Taxe foncière impayée par le vendeur prélevée sur les loyers dus à l’acquéreur : comment contester ?
CE 22-2-2017 n° 394647
L’existence ou la portée du privilège du Trésor pour le recouvrement de la taxe foncière ne peut être contestée que devant le juge civil. Le juge administratif peut seulement être saisi de recours visant le principe de l’assujettissement à la taxe ou son montant.
Pour assurer le recouvrement de la taxe foncière, le Trésor dispose d’un privilège spécial mobilier qu’il peut exercer sur les loyers des immeubles soumis à cette taxe (CGI art. 1920, 2-2o).

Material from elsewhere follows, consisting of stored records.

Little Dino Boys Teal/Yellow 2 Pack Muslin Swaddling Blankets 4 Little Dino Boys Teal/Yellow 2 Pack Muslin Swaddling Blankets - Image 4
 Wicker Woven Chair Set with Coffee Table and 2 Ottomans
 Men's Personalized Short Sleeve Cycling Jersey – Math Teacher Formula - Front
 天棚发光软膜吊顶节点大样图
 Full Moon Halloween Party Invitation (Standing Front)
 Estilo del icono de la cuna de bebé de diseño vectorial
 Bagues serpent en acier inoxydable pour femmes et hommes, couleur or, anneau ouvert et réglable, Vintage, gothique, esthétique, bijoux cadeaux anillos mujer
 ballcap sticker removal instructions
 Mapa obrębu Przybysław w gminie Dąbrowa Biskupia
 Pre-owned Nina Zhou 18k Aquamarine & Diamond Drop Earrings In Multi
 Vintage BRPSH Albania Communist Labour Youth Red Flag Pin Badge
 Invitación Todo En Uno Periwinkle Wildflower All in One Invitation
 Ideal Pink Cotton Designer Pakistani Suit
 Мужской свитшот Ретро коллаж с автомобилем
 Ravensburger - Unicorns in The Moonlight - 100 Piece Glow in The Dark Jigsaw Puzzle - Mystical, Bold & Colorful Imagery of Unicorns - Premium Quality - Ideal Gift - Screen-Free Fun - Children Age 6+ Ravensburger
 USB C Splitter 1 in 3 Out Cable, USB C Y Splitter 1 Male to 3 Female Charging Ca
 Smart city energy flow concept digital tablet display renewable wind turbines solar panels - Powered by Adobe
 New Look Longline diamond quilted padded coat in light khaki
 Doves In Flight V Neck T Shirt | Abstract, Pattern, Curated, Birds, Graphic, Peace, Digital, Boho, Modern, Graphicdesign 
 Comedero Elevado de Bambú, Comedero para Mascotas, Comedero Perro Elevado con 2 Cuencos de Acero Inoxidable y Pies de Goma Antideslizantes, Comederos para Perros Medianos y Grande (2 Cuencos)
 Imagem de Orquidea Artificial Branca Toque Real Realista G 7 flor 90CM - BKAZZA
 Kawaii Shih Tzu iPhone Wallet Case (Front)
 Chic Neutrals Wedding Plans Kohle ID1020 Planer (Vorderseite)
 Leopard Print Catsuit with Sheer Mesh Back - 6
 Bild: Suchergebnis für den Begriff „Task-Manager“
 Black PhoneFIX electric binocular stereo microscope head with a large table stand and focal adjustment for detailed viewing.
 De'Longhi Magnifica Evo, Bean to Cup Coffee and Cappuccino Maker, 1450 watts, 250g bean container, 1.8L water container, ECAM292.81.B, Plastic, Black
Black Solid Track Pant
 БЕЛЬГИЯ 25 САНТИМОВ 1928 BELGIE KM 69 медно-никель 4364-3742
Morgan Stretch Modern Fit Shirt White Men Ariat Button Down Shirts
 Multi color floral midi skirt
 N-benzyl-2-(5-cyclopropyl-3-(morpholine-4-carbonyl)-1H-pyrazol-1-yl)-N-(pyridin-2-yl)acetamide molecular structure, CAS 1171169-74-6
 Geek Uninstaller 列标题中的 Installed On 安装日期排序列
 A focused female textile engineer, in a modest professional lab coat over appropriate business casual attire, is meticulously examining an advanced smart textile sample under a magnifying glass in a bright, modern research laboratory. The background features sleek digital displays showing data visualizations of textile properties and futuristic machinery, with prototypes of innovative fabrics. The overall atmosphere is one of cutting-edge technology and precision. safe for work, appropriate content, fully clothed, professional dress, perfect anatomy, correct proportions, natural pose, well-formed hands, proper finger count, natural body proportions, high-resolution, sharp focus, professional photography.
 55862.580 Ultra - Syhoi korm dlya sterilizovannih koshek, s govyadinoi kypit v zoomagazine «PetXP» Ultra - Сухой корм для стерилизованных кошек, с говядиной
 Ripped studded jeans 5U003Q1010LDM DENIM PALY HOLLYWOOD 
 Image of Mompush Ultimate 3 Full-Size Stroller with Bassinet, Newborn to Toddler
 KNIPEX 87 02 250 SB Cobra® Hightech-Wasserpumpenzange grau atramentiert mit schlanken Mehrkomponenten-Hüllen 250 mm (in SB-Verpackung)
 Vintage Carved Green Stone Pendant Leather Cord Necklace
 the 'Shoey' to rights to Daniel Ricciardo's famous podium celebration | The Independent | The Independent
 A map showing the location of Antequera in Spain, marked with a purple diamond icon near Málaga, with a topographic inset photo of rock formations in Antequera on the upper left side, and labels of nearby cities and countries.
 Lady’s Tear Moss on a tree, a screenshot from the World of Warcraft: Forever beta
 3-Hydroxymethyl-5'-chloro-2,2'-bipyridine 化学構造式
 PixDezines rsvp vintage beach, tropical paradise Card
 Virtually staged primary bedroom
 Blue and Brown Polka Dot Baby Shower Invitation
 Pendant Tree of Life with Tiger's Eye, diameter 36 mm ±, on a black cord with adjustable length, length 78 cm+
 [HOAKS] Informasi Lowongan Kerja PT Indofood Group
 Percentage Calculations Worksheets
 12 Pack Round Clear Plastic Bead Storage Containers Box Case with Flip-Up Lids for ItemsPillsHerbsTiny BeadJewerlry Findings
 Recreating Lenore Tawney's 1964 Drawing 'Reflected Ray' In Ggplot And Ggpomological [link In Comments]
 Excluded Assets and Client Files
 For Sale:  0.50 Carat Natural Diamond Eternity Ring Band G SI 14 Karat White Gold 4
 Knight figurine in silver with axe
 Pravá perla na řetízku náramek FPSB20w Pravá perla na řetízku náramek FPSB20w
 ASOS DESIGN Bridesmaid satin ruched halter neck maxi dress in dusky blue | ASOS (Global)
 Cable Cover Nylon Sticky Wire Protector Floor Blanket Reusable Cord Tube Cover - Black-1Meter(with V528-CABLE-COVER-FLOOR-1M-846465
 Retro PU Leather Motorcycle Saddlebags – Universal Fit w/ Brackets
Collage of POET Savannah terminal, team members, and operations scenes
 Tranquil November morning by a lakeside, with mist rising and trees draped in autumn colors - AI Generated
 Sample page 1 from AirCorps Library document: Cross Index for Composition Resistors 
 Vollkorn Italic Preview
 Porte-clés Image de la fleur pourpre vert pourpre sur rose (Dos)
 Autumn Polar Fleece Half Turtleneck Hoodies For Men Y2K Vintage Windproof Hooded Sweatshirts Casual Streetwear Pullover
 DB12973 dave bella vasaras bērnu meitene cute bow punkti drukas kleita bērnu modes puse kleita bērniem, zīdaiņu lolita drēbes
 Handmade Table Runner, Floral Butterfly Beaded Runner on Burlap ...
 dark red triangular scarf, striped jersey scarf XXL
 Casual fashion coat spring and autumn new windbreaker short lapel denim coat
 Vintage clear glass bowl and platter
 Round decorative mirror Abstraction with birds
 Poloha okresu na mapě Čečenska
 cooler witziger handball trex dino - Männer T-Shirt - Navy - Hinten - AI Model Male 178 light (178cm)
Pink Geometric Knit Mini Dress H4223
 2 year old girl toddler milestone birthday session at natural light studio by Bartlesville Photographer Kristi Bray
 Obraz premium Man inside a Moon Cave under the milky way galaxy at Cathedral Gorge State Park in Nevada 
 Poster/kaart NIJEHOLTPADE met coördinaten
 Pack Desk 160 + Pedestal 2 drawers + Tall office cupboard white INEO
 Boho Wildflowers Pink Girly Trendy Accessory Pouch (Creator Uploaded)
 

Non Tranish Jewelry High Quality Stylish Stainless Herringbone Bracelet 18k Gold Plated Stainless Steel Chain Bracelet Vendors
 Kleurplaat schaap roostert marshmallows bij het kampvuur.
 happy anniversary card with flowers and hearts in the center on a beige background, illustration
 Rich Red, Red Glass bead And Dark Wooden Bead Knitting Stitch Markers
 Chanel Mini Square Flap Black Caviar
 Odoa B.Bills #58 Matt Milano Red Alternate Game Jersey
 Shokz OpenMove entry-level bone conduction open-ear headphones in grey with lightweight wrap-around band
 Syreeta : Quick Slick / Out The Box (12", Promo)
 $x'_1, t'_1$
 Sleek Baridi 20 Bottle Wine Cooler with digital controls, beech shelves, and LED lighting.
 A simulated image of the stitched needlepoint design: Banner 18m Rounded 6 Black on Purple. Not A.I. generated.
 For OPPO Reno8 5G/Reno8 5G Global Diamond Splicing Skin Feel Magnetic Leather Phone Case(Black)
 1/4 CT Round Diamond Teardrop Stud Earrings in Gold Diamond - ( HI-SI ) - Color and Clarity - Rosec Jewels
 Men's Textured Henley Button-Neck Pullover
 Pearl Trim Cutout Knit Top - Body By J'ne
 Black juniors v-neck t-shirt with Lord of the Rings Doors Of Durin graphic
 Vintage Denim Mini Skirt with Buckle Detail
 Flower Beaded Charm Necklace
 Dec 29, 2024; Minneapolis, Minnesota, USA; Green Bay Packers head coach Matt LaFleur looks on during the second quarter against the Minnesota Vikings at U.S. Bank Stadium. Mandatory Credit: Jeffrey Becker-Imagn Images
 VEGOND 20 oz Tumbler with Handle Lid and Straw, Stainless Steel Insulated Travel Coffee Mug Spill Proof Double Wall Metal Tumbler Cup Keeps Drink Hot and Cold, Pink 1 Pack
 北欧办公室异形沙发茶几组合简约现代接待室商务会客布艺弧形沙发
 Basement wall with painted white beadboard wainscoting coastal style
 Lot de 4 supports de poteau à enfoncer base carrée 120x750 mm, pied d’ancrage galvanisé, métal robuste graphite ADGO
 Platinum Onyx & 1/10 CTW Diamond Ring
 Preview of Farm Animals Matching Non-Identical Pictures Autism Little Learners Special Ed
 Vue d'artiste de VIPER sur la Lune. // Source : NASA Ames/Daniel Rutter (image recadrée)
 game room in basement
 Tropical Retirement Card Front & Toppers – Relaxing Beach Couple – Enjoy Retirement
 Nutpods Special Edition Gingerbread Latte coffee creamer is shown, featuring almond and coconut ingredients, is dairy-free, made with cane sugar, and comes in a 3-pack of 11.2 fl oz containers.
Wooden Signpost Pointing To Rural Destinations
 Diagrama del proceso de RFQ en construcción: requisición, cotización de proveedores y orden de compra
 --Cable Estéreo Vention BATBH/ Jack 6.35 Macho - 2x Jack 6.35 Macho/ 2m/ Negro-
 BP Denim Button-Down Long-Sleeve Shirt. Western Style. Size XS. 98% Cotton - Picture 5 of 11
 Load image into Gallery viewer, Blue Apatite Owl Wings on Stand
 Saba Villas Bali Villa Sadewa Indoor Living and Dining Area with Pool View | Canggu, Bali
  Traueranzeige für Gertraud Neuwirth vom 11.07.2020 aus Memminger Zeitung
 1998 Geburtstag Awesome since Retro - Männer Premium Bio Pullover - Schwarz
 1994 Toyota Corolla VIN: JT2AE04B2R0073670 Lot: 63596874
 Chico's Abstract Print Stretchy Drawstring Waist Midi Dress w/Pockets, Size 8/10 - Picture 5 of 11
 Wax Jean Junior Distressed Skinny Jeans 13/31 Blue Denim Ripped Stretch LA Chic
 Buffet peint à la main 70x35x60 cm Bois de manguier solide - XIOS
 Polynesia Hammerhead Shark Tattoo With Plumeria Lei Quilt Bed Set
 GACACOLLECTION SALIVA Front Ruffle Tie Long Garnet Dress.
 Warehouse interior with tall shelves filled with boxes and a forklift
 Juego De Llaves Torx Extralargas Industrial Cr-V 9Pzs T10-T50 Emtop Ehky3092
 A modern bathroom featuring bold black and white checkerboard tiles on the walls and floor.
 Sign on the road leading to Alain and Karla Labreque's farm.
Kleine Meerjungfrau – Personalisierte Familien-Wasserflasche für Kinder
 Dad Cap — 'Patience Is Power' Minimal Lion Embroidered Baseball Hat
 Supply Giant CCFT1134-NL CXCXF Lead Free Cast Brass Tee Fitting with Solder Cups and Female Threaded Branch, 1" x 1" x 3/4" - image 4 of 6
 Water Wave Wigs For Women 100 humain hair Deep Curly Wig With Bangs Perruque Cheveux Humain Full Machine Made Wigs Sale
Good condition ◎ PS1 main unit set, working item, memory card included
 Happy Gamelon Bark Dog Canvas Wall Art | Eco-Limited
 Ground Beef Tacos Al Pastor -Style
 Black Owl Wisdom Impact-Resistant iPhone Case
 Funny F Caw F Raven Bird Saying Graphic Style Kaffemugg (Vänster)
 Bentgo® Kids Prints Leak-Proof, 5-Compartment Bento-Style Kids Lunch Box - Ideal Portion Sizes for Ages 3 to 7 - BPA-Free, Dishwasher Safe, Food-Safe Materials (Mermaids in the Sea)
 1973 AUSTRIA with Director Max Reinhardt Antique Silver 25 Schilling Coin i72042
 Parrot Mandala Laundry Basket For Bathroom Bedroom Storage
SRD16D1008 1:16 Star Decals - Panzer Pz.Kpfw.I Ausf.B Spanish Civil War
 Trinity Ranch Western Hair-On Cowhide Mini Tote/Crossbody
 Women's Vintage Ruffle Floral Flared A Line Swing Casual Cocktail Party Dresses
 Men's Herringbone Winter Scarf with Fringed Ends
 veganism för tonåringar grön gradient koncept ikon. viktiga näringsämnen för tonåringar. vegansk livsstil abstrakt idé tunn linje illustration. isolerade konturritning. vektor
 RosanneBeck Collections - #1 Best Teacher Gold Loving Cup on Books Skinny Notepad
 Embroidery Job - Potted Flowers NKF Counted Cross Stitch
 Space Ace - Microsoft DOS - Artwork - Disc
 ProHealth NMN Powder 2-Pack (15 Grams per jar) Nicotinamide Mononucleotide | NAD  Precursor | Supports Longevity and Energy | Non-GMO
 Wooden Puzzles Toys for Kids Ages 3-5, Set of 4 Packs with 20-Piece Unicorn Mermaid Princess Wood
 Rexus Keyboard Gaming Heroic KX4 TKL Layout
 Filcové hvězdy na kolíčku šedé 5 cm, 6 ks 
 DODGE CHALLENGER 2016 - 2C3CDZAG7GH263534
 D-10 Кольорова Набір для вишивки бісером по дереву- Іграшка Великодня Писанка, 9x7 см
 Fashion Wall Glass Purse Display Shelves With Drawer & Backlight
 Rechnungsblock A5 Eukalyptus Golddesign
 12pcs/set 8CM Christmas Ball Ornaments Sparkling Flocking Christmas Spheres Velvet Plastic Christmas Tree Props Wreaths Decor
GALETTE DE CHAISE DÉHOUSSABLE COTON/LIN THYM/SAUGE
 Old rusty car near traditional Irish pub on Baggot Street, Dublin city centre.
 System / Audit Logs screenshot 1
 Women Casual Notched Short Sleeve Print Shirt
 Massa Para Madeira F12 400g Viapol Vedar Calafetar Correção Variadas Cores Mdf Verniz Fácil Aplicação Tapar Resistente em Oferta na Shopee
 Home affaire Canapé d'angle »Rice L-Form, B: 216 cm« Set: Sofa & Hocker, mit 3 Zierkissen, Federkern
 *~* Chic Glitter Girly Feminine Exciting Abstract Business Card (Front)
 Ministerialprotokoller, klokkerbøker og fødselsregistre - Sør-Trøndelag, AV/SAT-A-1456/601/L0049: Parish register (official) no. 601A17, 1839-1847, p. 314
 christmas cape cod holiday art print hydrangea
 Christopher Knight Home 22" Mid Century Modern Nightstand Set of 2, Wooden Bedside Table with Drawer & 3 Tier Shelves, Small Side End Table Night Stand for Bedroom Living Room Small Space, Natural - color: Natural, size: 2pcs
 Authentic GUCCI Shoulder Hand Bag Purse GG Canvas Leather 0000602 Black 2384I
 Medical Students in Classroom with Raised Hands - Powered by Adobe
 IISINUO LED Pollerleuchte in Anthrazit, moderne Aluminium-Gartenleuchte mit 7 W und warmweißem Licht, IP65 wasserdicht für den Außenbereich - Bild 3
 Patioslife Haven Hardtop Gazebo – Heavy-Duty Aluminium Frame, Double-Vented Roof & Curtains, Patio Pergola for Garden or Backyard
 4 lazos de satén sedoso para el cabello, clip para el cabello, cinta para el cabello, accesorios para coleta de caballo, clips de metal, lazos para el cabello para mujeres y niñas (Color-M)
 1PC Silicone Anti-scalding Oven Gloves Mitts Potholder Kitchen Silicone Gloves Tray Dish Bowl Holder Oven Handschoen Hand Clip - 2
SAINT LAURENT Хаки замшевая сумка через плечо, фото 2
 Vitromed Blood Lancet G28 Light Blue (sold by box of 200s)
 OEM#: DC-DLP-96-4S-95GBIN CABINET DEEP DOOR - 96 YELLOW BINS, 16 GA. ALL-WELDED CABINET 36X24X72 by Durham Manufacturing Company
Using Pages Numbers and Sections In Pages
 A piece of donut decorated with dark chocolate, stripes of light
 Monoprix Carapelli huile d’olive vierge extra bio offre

Un immeuble fait l’objet d’une vente le 21 janvier 2010. Les cotisations de taxe foncière dues au titre des années 2009 et 2010 n’ayant pu être recouvrées auprès du précédent propriétaire, l’administration fiscale, invoquant le privilège résultant des dispositions précitées, en recherche le paiement sur les loyers dus par le locataire de l’immeuble au nouveau propriétaire. Ce dernier conteste et demande le remboursement des sommes prélevées. Il porte l’affaire devant le juge administratif.
Le Conseil d’Etat pose pour principe que seul le juge judiciaire est compétent pour connaître des contestations par le nouveau propriétaire portant sur l’existence ou la portée du privilège du Trésor exercé sur les loyers de l’immeuble (quelle que soit la manière dont la contestation est présentée : contestation d’un acte de poursuite en recouvrement de l’impôt, demande de restitution de l’impôt déjà acquitté à la demande de l’administration avec ou sans mise en œuvre d’un acte de poursuite, ou demande de remboursement de l’impôt sur le fondement de la responsabilité pour faute de l’administration).
Le nouveau propriétaire ne peut saisir le juge administratif que d’une demande tendant à la décharge ou la réduction de l’impôt en contestant soit le principe de l’assujettissement à la taxe foncière du précédent propriétaire soit l’assiette ou le montant de cet impôt. Le nouveau propriétaire doit alors présenter préalablement une réclamation à l’administration dans le délai de l’article R 196-2, b du LPF, soit au plus tard le 31 décembre de l’année suivant la réalisation de l’événement (c’est-à-dire la mise à sa charge de la taxe foncière due par son vendeur).
A noter :
1. La Cour de cassation juge que le texte de l’article 1920, 2-2° du CGI ne distingue pas selon que l’immeuble est ou non resté aux mains du même propriétaire, ce qui justifie que le Trésor exerce un droit de suite sur les loyers pour le paiement de la taxe foncière dont le nouveau propriétaire devient dès lors débiteur direct (Cass. com. 28-3-2006 n° 03-13.822). La doctrine administrative est dans le même sens (BOI-REC-GAR-10-10-20-10 n° 240).
2. Pour se prémunir contre les risques de mise en œuvre du droit de suite auquel il est exposé, l’acquéreur a tout intérêt à obtenir la justification de son vendeur qu’il est à jour du paiement des taxes foncières et, dans la négative, à obtenir une garantie de ce paiement (cautionnement bancaire, séquestre d’une partie du prix, etc.).